In [47]:
import pandas as pd
from sklearn.preprocessing import LabelEncoder, StandardScaler
from sklearn.model_selection import train_test_split

# Load dataset
data_path = r'C:\Users\Admin\Desktop\ML online\final project\healthcare-dataset-stroke-data.csv'
data = pd.read_csv(data_path)

# Check missing values
print("Missing values in each column:\n", data.isnull().sum())

# Fill missing values in 'bmi' column
data['bmi'] = data['bmi'].fillna(data['bmi'].mean())

# Encode categorical features
label_encoders = {}
for column in ['gender', 'ever_married', 'work_type', 'Residence_type', 'smoking_status']:
    label_encoders[column] = LabelEncoder()
    data[column] = label_encoders[column].fit_transform(data[column])

# Standardize numerical features
scaler = StandardScaler()
data[['age', 'avg_glucose_level', 'bmi']] = scaler.fit_transform(data[['age', 'avg_glucose_level', 'bmi']])

# Split features and target
X = data.drop(columns=['id', 'stroke'])
y = data['stroke']

# Split dataset into training and testing sets
X_train, X_test, y_train, y_test = train_test_split(X, y, test_size=0.2)

print("Training indices:", X_train.index[:10])
print("Testing indices:", X_test.index[:10])

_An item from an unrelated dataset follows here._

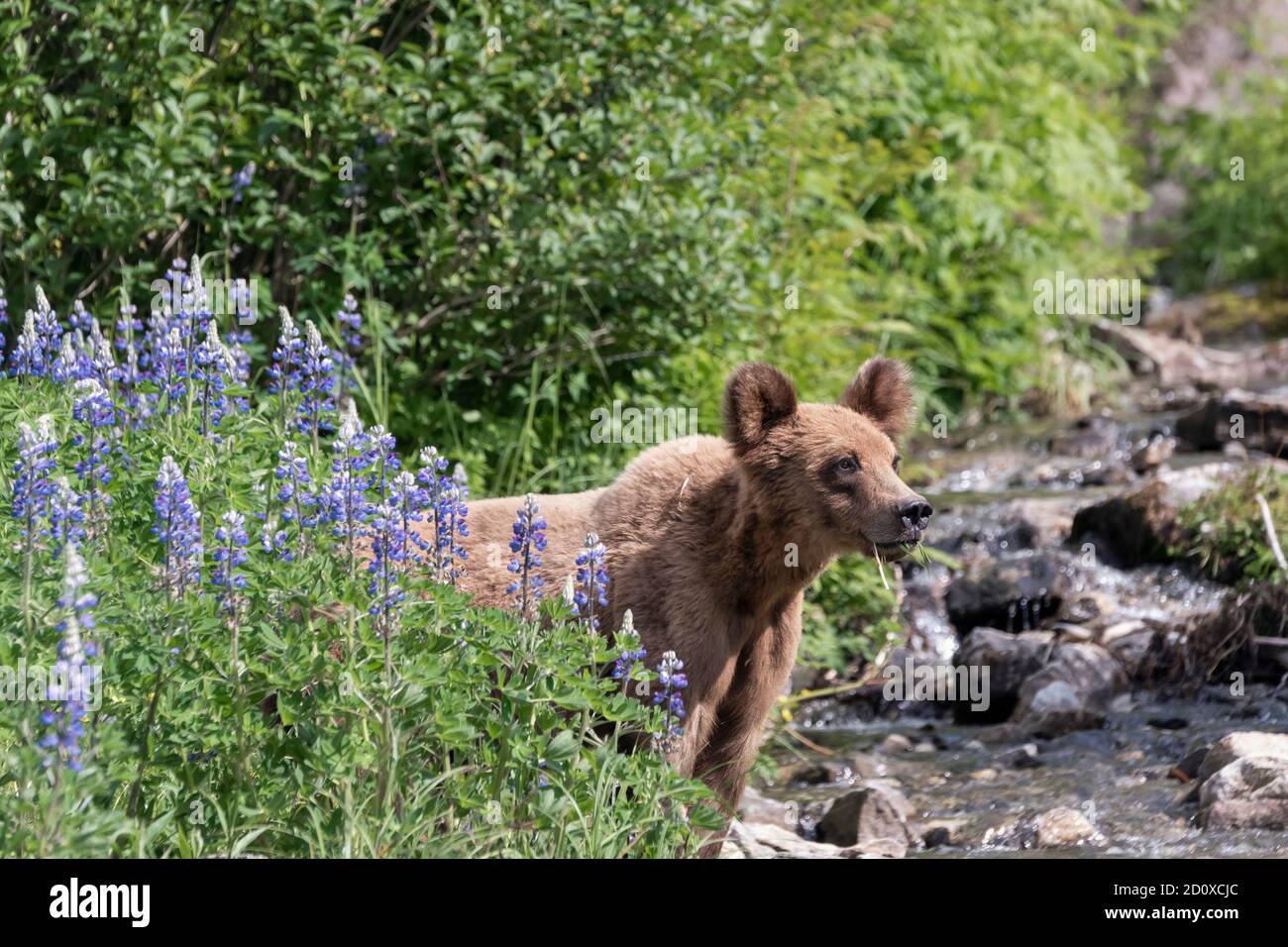 Alert grizzly bear cub eating grass in lupine blossoms, Khutzeymateen, BC Stock Photo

Missing values in each column:
 id                     0
gender                 0
age                    0
hypertension           0
heart_disease          0
ever_married           0
work_type              0
Residence_type         0
avg_glucose_level      0
bmi                  201
smoking_status         0
stroke                 0
dtype: int64
Training indices: Index([4965, 2070, 4604, 4524, 1742, 2206, 3538, 1446, 1383, 2446], dtype='int64')
Testing indices: Index([860, 2153, 864, 4494, 4205, 4210, 5067, 2977, 1540, 2840], dtype='int64')


In [48]:
import torch
import torch.nn as nn
import torch.optim as optim
from torch.utils.data import DataLoader, TensorDataset

# Define Transformer-based binary classifier
class TransformerBinaryClassifier(nn.Module):
    def __init__(self, input_dim):
        super(TransformerBinaryClassifier, self).__init__()
        self.embedding = nn.Linear(input_dim, 64)  # Embedding layer to transform input to d_model size
        encoder_layer = nn.TransformerEncoderLayer(d_model=64, nhead=8, batch_first=True)
        self.transformer_encoder = nn.TransformerEncoder(encoder_layer, num_layers=4)
        self.fc = nn.Linear(64, 1)  # Output one value for binary classification
    
    def forward(self, x):
        # Ensure x is a tensor before proceeding
        x = torch.tensor(x, dtype=torch.float32) if not isinstance(x, torch.Tensor) else x
        x = self.embedding(x).unsqueeze(1)  # Transform input to shape (batch_size, 1, d_model)
        x = self.transformer_encoder(x)  # Output shape: (batch_size, 1, d_model)
        x = x.mean(dim=1)  # Apply mean pooling to get shape (batch_size, d_model)
        return self.fc(x)  # Output shape: (batch_size, 1)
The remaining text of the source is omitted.